:: Task brief ::
Omit the pictures and reproduce the rest of the listing exactly.
━━━━━ Provided material
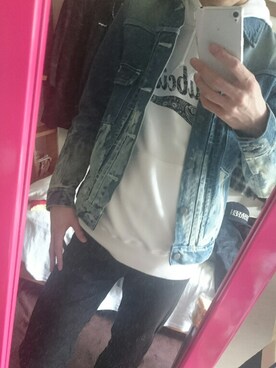 ヘルガさんのコーディネート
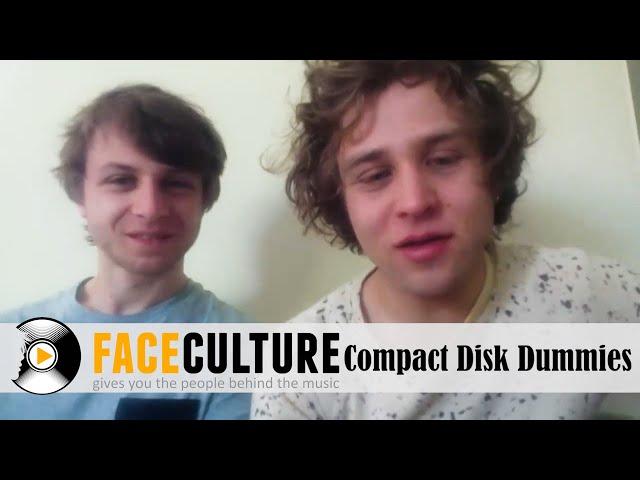 Compact Disk Dummies interview - Janus en Lennert Coorevits (2020)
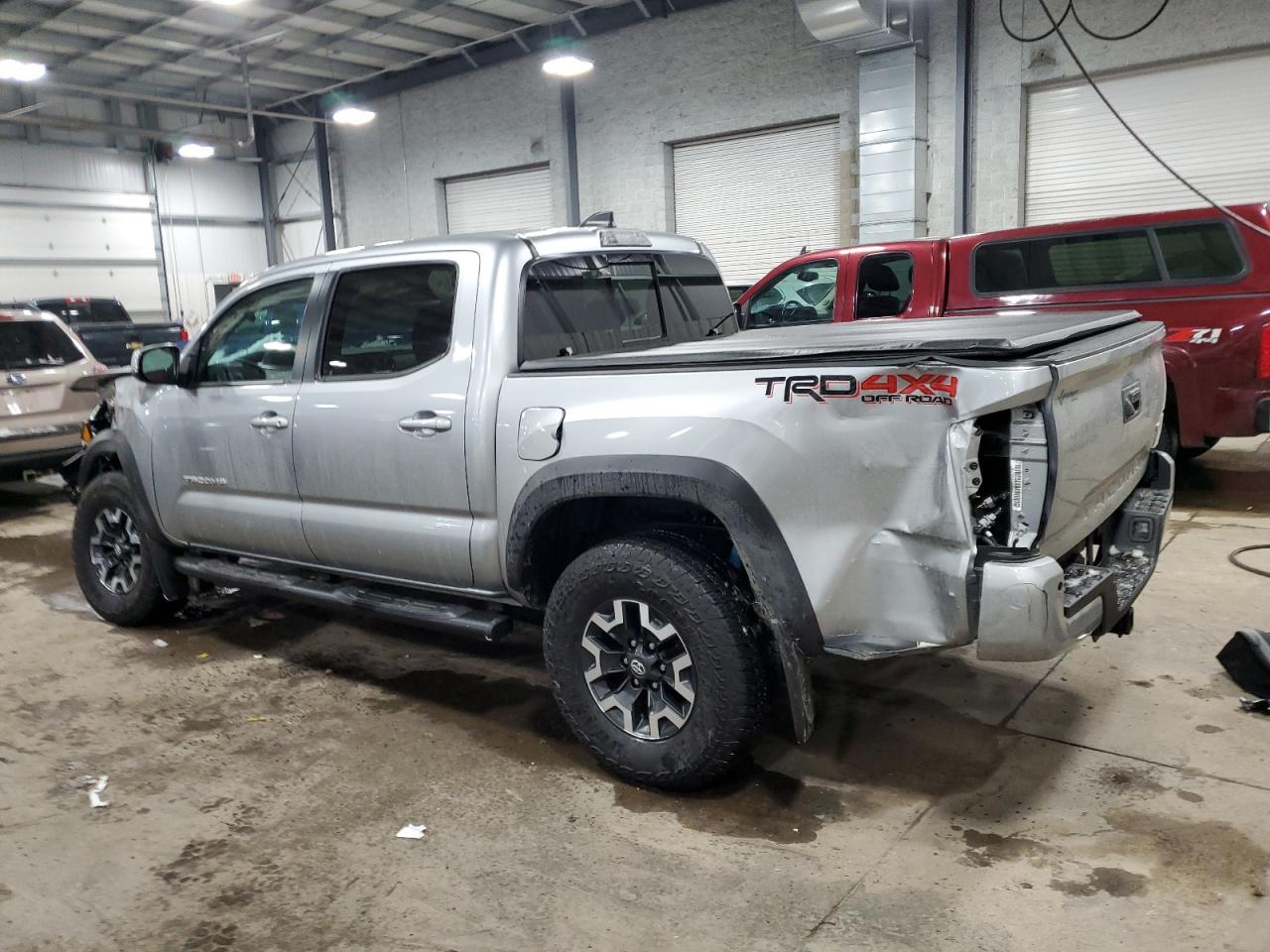 2023 TOYOTA TACOMA DOUBLE CAB VIN:3TMCZ5AN6PM613645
━━━━━━━━━━
:: Written solution ::
 ヘルガさんのコーディネート
 Compact Disk Dummies interview - Janus en Lennert Coorevits (2020)
 2023 TOYOTA TACOMA DOUBLE CAB VIN:3TMCZ5AN6PM613645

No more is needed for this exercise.